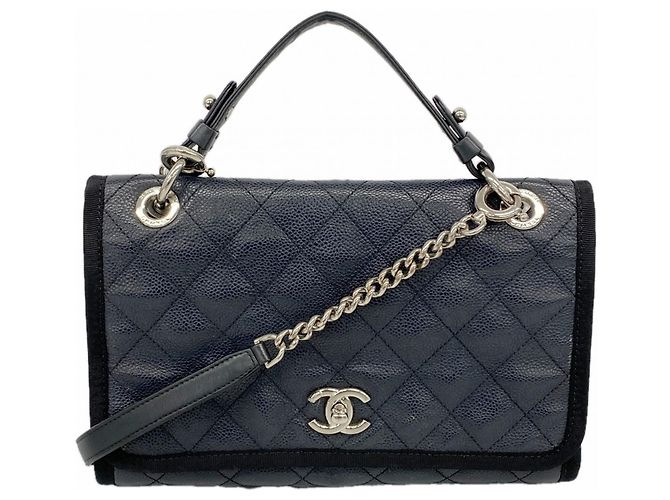 Timeless Bolsa de ombro Chanel Matelassé com corrente Preto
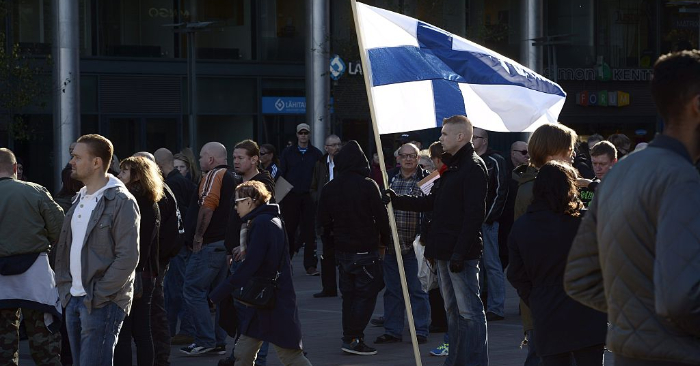 Un hombre sostiene una bandera nacional de Finlandia el 3 de octubre de 2015 en Helsinki. (Foto de HEIKKI SAUKKKOMAA/AFP/Getty Images)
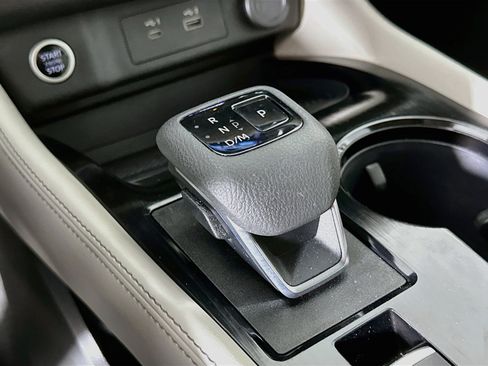 Used 2023 Nissan Rogue SL w/ SL Premium Package FWD image 24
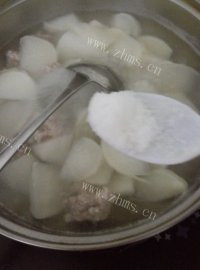 自制白萝卜肉碎汤做法图解7)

Task objective: Your task is to repeat the data above exactly while excluding the pictures.

Task answer:
 Timeless Bolsa de ombro Chanel Matelassé com corrente Preto
 Un hombre sostiene una bandera nacional de Finlandia el 3 de octubre de 2015 en Helsinki. (Foto de HEIKKI SAUKKKOMAA/AFP/Getty Images)
 Used 2023 Nissan Rogue SL w/ SL Premium Package FWD image 24
 自制白萝卜肉碎汤做法图解7)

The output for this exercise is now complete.